* Action item *
The word "coffee" occurs in some of the lines below; copy each of those lines.

* Study material *
★ ★ ★ ★ ★ ★ ★

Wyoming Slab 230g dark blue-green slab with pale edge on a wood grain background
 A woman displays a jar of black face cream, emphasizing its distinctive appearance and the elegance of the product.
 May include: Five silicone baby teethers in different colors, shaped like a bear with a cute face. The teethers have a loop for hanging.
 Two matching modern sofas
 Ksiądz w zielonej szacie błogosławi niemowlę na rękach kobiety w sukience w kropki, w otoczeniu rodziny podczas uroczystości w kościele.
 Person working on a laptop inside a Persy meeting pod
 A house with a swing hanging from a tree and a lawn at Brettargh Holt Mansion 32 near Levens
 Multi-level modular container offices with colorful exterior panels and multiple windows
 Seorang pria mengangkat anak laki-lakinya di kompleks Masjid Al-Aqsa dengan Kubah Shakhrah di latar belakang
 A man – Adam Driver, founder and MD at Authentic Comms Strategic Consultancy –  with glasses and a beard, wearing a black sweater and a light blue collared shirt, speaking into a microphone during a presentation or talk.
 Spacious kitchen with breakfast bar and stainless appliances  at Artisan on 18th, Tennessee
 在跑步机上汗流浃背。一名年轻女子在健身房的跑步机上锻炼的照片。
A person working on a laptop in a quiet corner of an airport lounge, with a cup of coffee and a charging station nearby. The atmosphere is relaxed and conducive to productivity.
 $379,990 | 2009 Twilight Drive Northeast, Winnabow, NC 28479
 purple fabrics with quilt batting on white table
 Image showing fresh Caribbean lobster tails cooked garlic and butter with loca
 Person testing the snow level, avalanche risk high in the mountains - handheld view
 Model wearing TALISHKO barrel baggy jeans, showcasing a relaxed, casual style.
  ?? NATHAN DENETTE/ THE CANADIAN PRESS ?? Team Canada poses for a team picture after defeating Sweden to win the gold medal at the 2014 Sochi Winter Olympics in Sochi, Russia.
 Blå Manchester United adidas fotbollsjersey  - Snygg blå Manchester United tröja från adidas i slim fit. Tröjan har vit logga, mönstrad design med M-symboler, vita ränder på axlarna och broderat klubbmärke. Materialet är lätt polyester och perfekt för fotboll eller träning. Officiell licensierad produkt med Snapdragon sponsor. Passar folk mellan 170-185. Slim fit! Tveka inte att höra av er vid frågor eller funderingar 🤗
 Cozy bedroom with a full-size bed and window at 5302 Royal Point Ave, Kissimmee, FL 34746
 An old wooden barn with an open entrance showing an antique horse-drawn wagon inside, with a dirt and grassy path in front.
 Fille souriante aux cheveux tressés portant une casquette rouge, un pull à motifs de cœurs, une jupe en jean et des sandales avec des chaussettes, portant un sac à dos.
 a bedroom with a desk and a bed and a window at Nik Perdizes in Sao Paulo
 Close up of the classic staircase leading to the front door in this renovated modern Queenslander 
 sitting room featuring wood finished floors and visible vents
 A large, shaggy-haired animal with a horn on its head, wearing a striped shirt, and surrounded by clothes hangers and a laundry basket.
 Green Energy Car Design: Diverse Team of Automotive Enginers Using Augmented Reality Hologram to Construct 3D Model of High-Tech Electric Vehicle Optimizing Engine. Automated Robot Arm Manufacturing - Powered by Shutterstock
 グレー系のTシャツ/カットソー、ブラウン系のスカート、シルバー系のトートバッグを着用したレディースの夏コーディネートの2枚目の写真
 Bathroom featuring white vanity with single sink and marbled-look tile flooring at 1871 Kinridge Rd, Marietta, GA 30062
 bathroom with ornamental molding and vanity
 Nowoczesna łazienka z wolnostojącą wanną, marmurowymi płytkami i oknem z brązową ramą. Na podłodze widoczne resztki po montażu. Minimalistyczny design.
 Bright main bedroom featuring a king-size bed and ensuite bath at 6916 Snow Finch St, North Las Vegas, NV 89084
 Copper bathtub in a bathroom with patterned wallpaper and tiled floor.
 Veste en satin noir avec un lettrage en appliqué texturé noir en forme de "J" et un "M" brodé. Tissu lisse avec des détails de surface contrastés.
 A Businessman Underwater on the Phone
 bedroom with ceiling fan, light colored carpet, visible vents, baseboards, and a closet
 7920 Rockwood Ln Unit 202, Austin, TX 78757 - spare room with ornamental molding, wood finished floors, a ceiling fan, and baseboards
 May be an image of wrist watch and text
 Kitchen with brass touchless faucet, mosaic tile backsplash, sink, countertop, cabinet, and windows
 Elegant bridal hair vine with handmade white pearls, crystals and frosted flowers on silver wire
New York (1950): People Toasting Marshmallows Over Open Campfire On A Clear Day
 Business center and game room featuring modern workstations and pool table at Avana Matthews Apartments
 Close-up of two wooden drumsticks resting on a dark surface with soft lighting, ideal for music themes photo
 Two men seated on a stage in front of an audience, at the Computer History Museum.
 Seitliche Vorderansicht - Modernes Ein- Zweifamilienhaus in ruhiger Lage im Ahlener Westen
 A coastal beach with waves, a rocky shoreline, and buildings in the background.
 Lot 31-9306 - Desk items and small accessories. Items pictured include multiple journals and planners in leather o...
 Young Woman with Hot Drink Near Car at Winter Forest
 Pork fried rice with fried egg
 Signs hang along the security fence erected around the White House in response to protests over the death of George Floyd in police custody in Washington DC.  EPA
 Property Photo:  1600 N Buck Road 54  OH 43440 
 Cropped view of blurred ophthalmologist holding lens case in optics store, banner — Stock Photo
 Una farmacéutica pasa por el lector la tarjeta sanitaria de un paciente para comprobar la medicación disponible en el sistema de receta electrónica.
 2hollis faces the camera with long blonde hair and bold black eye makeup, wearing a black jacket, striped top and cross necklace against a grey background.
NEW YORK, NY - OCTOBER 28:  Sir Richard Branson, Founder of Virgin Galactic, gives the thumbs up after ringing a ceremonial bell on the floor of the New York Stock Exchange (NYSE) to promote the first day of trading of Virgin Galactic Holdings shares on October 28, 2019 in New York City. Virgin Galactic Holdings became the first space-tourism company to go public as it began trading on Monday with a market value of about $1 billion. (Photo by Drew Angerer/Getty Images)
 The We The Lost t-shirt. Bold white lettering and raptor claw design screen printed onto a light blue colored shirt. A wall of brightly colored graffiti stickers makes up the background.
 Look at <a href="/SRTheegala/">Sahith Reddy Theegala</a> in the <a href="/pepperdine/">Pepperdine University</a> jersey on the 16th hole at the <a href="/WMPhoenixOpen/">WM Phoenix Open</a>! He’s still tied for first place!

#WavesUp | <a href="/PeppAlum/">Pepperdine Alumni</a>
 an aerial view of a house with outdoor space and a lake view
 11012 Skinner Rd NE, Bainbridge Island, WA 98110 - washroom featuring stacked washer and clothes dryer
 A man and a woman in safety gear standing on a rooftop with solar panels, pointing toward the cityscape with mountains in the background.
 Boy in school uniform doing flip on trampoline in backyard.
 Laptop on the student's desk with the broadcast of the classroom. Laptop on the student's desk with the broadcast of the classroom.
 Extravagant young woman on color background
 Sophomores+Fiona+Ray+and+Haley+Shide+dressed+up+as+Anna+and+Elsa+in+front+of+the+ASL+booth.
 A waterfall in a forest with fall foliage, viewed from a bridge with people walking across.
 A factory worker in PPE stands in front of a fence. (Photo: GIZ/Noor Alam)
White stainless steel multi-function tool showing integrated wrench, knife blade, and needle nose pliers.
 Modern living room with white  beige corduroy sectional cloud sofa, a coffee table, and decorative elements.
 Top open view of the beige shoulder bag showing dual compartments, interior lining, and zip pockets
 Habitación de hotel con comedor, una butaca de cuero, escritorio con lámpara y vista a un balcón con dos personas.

★ ★ ★ ★ ★ ★ ★

* Written response *
A person working on a laptop in a quiet corner of an airport lounge, with a cup of coffee and a charging station nearby. The atmosphere is relaxed and conducive to productivity.
 Modern living room with white  beige corduroy sectional cloud sofa, a coffee table, and decorative elements.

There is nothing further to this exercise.